To my ears, our 19th-century American music preserves the lush beauty of the 19th-century American landscape in sound, particularly in the music of Edward MacDowell, Amy Beach, Sidney Lanier, Arthur Foote, Charles T. Griffes. There are, of course, American composers, like Louis Moreau Gottshalk, who take their emotional material from other sources, sources which are just as uniquely American as the natural physical landscape, but lately, after a lifetime (or half a lifetime--I'm hoping for another 50 years) of trying to figure out just what it is that I "recognize" in American music from the 19th century, these images help me to understand something about American Romanticism.
These 19th-century composers breathed the same air as their Hudson River School contemporaries.
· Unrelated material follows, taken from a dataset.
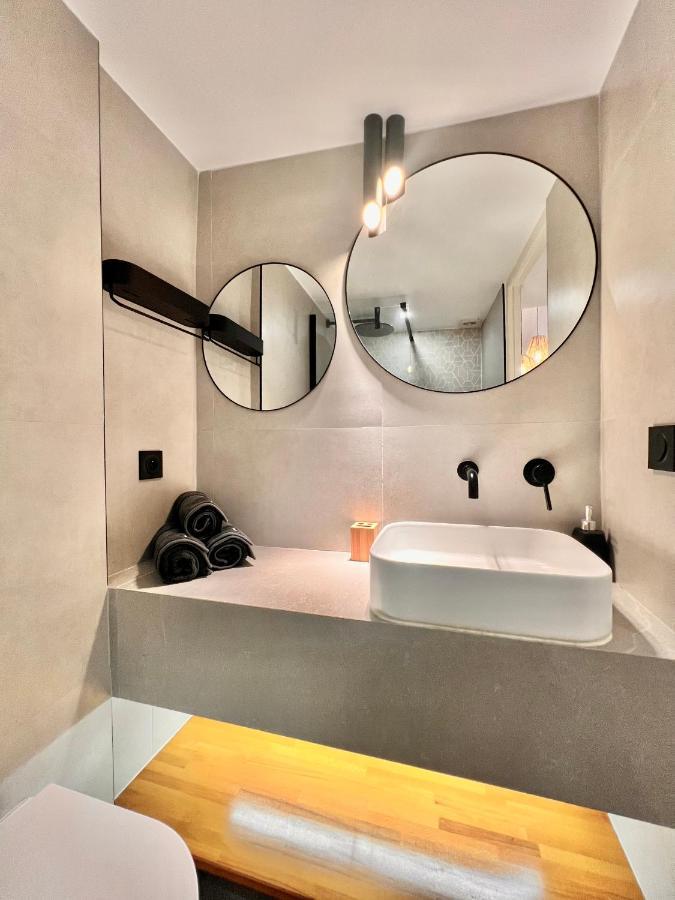 Duplex Le Gesu - Heart Of Old Town - Modern - Wifi - Clim Leilighet Nice Eksteriør bilde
They traveled down the same unpaved roads, using the same rhythmic means of locomotion (foot, horse, or train), and experienced some of the same sounds of nature, like the sounds coming from the bird life. (Sibelius believed that bird life had a great influence on music from different parts of the world. I think that he was certainly onto something.)
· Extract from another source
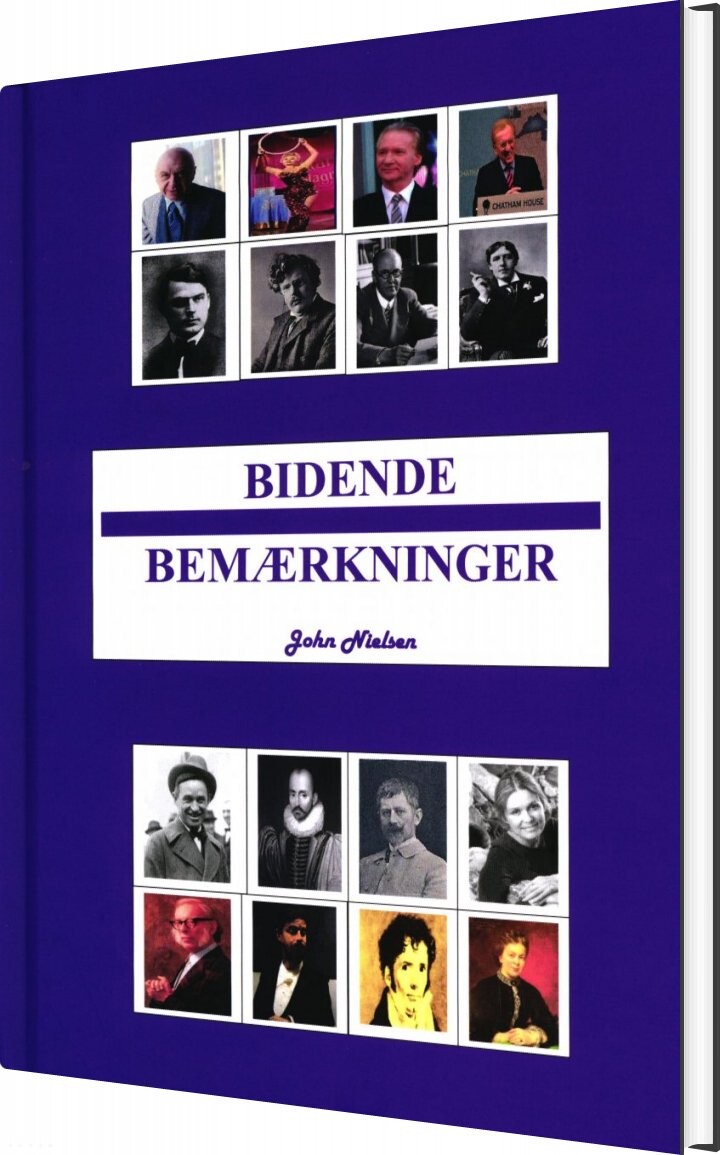Bidende Bemærkninger   John Nielsen   Bog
It is easy to play 19th-century American music and concentrate on the elements that we recognize from 19th-century European music. After all, the musical materials are often the same. But the danger of going for what we recognize in the music of Brahms, Schumann, Mendelssohn, and other 19th-century composer who set standards for American composers who studied their music, is that we can cause the music to sound derivative, like Faux Faure. By taking a walk outside, in an undeveloped spot, or going to the 19th-century American wing of an art museum (for people who do not live in America), perhaps we can get a passing whiff of what might get at the heart of the sound of American music in the 19th century.